Sculptor David Tucker for ‘A Local Girl Comes Home’ won the 57th Blake Prize for Religious Art. Hindu fertility goddesses inspire Tucker’s sculpture. It reminded me that I have seen art and exhibitions this year (and last) that have been influenced by other religions: Islam, New Age and Buddhist, but not Christian.

Contemporary Christianity now longer has the money to influence artists like it once did. Christianity has also lost the spiritual/philosophical/religious influence on the arts that it once had. Science, political theories and other religions now have a greater influence on the contemporary visual arts in Australia than Christianity. For example, RMIT gallery exhibited the “New Scientist Eureka Price for Science Photography”.

At the same time RMIT gallery had “Black Robe White Mist”, the art of Ōtagaki Rengetsu (17911875), a Japanese Buddhist nun, an artist, poet, calligrapher and potter. And Stephen McLaughlan Gallery showed Josie Telfer exhibition titled “Nine Waves” inspired by Zen Buddhism. The double layers of Telfer’s photographic images condense space and time in an attractive manner. The round glow of the moon creates a spotlight for a wave on a beach.

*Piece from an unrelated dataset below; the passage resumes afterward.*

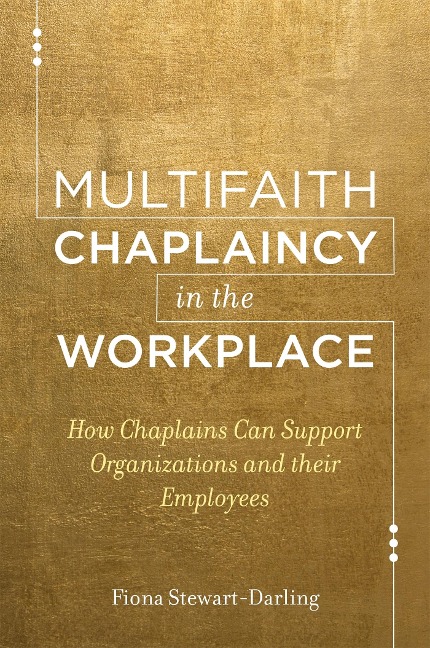 Multifaith Chaplaincy in the Workplace: How Chaplains Can Support Organizations and Their Employees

In contemporary art crucifixions are mostly blasphemous, piss-taking, jokes. Christianity is not an inspiration for contemporary art but a cultural chain to an ancient past impeding and restricting, often violently, current practice. Gordon Morrison, the Director of the Art Gallery of Ballarat is quoted in ‘Trouble’ (Sept.) that nudity is still taboo because of “that all-pervessiveness of the Juedo-Christian ethics that completely dominates us, for all of Norman Lindsey and what have you.’ (p.12)

Australian politicians still claim that Australia is a Christian culture but that requires both sophistry and the manipulation of statistics. It is clear that Christianity still has political influence in Australia and that historically it dominated the colonial era and early 20th Century. If Australia is a currently a Christian culture is odd that this is not evident in contemporary visual arts.